Tue Feb 19 20:25:37 EST 2008

On Tue, Feb 19, 2008 at 01:33:53PM +1100, Nick Piggin wrote:
> On Tuesday 19 February 2008 01:39, Andi Kleen wrote:
> > Arjan van de Ven <arjan at infradead.org> writes:
> > > you have more faith in the authors knowledge of how his code actually
> > > behaves than I think is warranted  :)
> >
> > iirc there was a mm patch some time ago to keep track of the actual
> > unlikely values at runtime and it showed indeed some wrong ones. But the
> > far majority of them are probably correct.
> >
> > > Or faith in that he knows what "unlikely" means.
> > > I should write docs about this; but unlikely() means:
> > > 1) It happens less than 0.01% of the cases.
> > > 2) The compiler couldn't have figured this out by itself
> > >    (NULL pointer checks are compiler done already, same for some other
> > > conditions) 3) It's a hot codepath where shaving 0.5 cycles (less even on
> > > x86) matters (and the author is ok with taking a 500 cycles hit if he's
> > > wrong)
> >
> > One more thing unlikely() does is to move the unlikely code out of line.
> > So it should conserve some icache in critical functions, which might
> > well be worth some more cycles (don't have numbers though).
> 
> I actually once measured context switching performance in the scheduler,
> and removing the  unlikely hint for testing RT tasks IIRC gave about 5%
> performance drop.

OT: what benchmarks did you use for that? I had a change some time
ago to the CFS scheduler to avoid unpredicted indirect calls for
the common case, but I wasn't able to benchmark a difference with the usual 
suspect benchmark (lmbench). Since it increased code size by
a few bytes it was rejected then.

> 
> This was on a P4 which is very different from more modern CPUs both in
> terms of branch performance characteristics, 

> and icache characteristics.

Hmm, the P4 the trace cache actually should not care about inline
code that is not executed.

> However, the P4's branch predictor is pretty good, and it should easily

I think it depends on the generation. Prescott class branch
prediction should be much better than the earlier ones.

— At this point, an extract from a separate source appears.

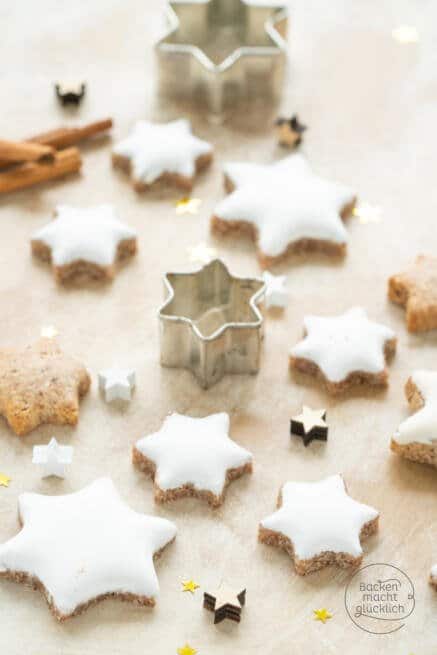 Das beste ZimtsterneRezept Backen macht glücklich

> Actually one thing I don't like about gcc is that I think it still emits
> cmovs for likely/unlikely branches, 

That's -Os.

> which is silly (the gcc developers

It depends on the CPU. e.g. on K8 and P6 using CMOV if possible
makes sense. P4 doesn't like it though.

> the quite good numbers that cold CPU predictors can attain. However
> for really performance critical code (or really "never" executed
> code), then I think it is OK to have the hints and not have to rely
> on gcc heuristics.

But only when the explicit hints are different from what the implicit
branch predictors would predict anyways. And if you look at the
heuristics that is not often the case...

Also I really think that mm patch that measured unlikely efficiency
should be dug out and merged to mainline and them regularly rechecked.

-Andi